Однако уже в первой своей части книга обращалась к людям действия, а отнюдь не к людям критической мысли. Дать образ мира, с которым можно жить, а не систему, над которой можно умствовать, было подлинной целью моего труда. Тогда я этого не сознавал; тем не менее для обширного круга читателей это исключает возможность полного понимания.
Человек действия живет в вещах и с ними. Ему не нужно доказательств, часто он их даже не понимает. Физиономический такт — одно из слов, почти никем по-настоящему не понятых, — ведет его гораздо глубже, чем мог бы сделать какой-нибудь демонстрирующий метод. То, что я высказал и что научным умам показалось совершенным парадоксом, в глубине души давным-давно чувствовали люди, призванные к действию; часто они этого даже не сознавали. Когда они встречают "исторический релятивизм" в книге, в теоретической формулировке, они его отвергают, между тем как на практике, при наблюдении людей и положений с непосредственно-практической целью, он разумеется для них сам собой. Созерцатель же внутренне чужд жизни. Он созерцает ее с другого берега и притом с некоторой враждебностью к тому чуждому и противоборствующему, что его смущает всякий раз, когда эта жизнь хочет быть чем-то большим, чем созерцаемый об'ект. Созерцатели собирают, расчленяют и систематизируют; они требуют доказательств и знают в них толк. Для них такая книга, как моя, навсегда останется заблуждением. Ибо, признаюсь, "философию для философии" я всегда глубоко презирал. Для меня нет ничего более скучного, чем чистая логика, научная психология, всеобщая этика и эстетика. Жизнь не имеет в себе ничего всеобщего и ничего научного. Всякая строка, написанная не для того, чтобы служить практической жизни, кажется мне ненужной. Если бы меня не поняли слишком буквально, я сказал бы: мой способ рассматривать мир относится к систематическому, как мемуары государственного деятеля к идеальному государству утописта. Один пишет о том, что сам переживает, другой — о том, что он измыслил.
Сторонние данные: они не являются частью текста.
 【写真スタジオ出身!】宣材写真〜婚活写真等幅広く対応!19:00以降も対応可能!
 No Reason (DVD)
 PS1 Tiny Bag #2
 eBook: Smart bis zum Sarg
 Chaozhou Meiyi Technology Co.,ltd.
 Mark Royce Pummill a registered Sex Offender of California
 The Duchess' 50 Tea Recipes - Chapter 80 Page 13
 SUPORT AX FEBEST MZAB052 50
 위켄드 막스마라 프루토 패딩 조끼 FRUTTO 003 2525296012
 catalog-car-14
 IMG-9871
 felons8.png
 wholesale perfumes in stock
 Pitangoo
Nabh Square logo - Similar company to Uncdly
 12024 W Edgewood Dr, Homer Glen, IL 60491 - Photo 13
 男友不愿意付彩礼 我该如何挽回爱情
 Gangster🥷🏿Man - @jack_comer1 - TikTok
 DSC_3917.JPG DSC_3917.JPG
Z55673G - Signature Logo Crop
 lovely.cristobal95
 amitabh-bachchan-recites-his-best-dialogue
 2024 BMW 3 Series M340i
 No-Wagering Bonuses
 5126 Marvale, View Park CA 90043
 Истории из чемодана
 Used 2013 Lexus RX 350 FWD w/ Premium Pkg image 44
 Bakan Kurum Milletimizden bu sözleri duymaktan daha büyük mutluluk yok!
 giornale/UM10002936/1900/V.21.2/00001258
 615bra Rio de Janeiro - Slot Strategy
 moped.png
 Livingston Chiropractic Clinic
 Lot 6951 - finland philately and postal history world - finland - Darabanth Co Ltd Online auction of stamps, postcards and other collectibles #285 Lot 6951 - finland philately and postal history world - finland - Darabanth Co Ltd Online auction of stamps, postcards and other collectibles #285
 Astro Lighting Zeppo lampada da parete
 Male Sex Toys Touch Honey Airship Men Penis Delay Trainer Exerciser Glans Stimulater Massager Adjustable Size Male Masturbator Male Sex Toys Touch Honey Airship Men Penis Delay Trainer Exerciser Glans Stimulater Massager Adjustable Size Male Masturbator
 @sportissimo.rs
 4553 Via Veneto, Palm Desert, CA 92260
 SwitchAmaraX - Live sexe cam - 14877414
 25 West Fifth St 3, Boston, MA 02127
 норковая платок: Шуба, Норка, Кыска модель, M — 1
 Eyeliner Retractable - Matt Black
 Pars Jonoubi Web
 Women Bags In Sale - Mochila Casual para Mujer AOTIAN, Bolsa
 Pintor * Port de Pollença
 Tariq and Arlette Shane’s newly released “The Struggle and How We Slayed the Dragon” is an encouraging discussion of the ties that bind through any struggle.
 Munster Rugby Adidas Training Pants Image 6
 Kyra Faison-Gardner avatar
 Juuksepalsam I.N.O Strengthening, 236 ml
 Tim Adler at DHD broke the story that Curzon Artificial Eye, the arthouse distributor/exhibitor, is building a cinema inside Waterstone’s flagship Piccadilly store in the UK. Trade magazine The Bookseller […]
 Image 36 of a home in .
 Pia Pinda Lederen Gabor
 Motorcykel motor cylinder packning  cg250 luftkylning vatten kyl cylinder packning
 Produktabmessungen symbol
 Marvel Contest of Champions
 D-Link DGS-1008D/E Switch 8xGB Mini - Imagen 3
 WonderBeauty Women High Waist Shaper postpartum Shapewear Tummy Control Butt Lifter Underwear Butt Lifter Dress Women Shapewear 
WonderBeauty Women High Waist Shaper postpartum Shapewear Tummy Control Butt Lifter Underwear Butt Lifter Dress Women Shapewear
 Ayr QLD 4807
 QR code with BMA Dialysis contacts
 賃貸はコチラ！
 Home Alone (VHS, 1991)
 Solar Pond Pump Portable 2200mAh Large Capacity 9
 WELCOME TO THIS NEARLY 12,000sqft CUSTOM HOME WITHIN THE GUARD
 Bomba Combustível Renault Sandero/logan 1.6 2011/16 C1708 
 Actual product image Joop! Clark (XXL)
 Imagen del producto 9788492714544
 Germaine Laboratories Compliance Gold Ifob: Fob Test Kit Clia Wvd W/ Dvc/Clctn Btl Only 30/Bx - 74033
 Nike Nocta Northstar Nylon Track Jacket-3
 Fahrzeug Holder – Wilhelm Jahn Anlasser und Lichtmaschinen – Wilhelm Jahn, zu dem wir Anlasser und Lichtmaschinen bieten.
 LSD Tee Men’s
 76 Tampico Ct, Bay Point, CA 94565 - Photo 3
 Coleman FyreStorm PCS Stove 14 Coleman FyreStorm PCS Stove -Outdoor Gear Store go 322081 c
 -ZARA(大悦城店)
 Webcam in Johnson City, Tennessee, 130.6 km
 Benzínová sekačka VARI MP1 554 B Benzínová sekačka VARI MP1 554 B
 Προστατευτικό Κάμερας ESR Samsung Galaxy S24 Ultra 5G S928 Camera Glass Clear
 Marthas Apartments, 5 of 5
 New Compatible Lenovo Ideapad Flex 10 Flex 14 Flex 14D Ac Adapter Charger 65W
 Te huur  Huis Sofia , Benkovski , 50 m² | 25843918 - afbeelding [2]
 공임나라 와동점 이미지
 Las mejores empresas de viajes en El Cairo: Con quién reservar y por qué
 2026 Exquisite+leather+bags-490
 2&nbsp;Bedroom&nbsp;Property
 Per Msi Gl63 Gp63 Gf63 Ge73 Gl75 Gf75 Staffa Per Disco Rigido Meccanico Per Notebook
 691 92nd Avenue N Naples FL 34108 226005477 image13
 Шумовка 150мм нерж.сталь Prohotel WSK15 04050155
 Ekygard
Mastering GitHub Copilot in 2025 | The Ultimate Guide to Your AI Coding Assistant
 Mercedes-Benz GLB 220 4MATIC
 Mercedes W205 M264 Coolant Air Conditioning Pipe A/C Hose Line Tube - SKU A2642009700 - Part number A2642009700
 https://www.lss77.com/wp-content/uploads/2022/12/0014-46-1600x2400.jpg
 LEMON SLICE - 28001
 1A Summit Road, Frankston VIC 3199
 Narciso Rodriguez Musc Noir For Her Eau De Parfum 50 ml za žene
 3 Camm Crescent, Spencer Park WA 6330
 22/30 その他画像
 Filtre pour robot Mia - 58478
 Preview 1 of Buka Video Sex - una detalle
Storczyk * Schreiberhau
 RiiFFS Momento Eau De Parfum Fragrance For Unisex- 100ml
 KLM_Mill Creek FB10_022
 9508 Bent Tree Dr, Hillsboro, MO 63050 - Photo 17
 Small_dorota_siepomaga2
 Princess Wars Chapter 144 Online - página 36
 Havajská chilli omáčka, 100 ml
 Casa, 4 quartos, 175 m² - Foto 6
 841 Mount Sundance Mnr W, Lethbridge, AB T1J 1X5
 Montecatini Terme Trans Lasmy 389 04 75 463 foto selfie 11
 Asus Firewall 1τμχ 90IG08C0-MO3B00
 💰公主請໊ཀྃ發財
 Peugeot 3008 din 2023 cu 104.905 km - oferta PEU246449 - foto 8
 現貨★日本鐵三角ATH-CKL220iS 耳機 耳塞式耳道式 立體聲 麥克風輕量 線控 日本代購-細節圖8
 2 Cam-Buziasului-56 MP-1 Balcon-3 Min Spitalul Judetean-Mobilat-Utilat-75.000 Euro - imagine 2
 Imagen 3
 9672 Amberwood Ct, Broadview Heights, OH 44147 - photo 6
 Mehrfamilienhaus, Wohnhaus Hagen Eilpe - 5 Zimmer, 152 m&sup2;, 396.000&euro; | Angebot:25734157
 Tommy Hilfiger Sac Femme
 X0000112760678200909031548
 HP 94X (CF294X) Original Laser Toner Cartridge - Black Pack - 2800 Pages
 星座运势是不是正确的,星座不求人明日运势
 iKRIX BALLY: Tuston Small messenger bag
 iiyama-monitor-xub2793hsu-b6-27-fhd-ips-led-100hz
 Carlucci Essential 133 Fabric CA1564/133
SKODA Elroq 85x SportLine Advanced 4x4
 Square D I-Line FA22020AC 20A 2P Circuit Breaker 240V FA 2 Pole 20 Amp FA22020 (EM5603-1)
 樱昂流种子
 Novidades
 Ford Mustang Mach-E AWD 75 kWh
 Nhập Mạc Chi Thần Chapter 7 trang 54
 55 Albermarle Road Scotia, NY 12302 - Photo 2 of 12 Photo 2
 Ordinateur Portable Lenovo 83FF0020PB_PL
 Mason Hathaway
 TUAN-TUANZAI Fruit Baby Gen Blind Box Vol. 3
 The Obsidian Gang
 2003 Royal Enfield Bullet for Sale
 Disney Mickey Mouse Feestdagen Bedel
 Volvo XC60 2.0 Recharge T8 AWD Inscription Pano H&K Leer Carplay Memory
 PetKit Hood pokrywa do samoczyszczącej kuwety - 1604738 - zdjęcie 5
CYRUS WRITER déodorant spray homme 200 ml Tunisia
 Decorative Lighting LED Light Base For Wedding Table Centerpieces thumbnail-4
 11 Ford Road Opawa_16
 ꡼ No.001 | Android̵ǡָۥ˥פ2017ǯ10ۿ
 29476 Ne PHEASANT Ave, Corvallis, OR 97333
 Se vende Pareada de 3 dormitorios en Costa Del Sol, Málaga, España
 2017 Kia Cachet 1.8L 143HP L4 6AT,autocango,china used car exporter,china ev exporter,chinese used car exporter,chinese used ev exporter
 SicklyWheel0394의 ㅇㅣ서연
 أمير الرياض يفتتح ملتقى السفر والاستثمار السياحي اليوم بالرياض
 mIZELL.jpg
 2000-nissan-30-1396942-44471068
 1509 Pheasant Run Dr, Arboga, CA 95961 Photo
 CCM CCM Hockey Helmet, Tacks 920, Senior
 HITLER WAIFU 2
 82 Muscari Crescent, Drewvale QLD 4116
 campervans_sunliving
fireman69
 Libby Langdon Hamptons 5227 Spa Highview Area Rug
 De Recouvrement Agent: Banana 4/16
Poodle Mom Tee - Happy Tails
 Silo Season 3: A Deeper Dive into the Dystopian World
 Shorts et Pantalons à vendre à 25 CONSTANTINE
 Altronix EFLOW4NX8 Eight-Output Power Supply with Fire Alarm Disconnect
Существует, однако, и как раз именно в Германии, особый, так сказать, государственнический способ переживать весь мир, естественное и несистематическое восприятие мира, которое может быть выражено только в особом жанре метафизических мемуаров. Необходимо знать, к какой линии принадлежит моя книга, что в связи с великими именами будет суждением отнюдь не о ранге, а исключительно о способе видеть вещи.
Есть в немецкой мысли мощная струя, которая идет от Лейбница через Гете и Гегеля в будущее. Как все немецкое, она была обречена на то, чтобы течь сквозь века незамеченной и словно подземной, в то время как на поверхности мысли даже у этих людей господствовали чужие воззрения. Лейбниц был великим учителем Гете, хотя сам Гете никогда этого не сознавал и призывал имя чуждого ему по существу Спинозы всякий раз, когда под влиянием Гердера или просто в силу духовного сродства вводил в круг своих идей какую-нибудь подлинную мысль Лейбница. Для этого последнего особенно характерна постоянная связь с великими событиями его времени. Если из созданного им исключить то, что он писал в связи со своими политическими планами, проектом соединения церквей, мыслями о горном деле, организацией науки и математикой, то останется немного.